DENVER (KDVR) — When Kyle Forristall answered his phone, he panicked.
He told FOX31 a woman who identified herself as a DEA agent notified him that his identity had been stolen and used to commit federal crimes in his name.
In order to remove the charges, Forristall was told he must convert $5,000 into cryptocurrency like Bitcoin and pay a designated official.
Forristall said he quickly checked out the phone number the woman provided for the U.S. Marshal Service and found it to be the actual number on the website, so he believed what she told him.
“They kept threatening, you know, ‘If you don’t comply, we’re going to call the cops,’” he said.
The scammers even had a phony case and badge numbers.
The real DEA tells the Problem Solvers this scam originated on the east and west coasts but is now moving inland.
How to spot the scam
DEA Special Agent Jim Higgins makes it clear this is not how the DEA operates.

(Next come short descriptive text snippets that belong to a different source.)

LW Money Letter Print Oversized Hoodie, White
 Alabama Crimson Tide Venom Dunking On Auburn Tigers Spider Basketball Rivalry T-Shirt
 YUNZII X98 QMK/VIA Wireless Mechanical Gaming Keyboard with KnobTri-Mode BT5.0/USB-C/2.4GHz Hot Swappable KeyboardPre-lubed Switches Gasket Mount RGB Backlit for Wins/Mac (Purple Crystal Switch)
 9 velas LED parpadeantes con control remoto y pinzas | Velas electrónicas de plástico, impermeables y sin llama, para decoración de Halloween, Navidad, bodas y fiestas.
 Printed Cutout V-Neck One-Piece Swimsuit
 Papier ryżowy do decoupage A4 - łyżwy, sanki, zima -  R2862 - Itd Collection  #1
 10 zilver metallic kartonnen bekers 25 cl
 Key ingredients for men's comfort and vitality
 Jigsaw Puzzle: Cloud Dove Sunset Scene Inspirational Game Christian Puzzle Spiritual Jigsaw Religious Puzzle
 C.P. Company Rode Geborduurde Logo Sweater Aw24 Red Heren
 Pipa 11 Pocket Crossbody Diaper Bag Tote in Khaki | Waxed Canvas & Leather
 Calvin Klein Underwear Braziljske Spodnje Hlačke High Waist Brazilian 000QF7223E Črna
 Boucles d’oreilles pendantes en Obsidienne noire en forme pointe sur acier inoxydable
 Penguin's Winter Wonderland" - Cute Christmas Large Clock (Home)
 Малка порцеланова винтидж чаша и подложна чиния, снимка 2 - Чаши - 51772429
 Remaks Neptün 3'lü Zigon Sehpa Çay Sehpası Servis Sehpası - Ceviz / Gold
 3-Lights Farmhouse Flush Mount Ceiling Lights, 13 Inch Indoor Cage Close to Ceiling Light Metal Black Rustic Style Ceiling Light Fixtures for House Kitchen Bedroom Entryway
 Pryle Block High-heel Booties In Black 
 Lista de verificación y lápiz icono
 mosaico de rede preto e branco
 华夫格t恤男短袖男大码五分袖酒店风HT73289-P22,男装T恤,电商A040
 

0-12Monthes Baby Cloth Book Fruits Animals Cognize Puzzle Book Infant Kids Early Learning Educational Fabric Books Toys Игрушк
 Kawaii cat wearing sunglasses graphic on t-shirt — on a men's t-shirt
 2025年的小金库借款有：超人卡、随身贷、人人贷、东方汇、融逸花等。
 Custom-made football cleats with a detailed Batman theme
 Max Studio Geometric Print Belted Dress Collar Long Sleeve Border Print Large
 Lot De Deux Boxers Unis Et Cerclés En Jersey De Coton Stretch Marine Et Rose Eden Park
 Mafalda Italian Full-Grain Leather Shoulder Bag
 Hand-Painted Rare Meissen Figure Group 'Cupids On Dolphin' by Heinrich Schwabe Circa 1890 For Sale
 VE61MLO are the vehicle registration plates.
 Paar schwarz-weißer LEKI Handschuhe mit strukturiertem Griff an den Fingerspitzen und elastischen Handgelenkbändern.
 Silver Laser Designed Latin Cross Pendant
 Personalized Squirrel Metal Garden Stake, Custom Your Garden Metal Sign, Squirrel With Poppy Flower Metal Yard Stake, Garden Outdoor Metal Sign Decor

“Basically, we would never call you and ask for any personal identifiable information. We will never ask for a gift card, we will never ask for credit card information and definitely never ask for money,” Higgins said.
Officials say with scammers now spoofing (hijacking) legitimate agency phone numbers, the best way to avoid scams is to look up agency, company or job search numbers on your own and call more than one number to verify the facts.
It can also help to do an internet search and use the keyword “scam” in association with the issue.
Higgins said if anyone calls you identifying themselves as being from a government agency and asking for money, hang up. The agency asks that scams be reported to reportfraud.ftc.gov
Forristall said he realizes his money is gone, but wanted to share his experience in an effort to help others avoid falling for the same scam.
“Listen to the voice inside your head that is suspicious because I was suspicious the whole time; I wish I listened to myself,” he said.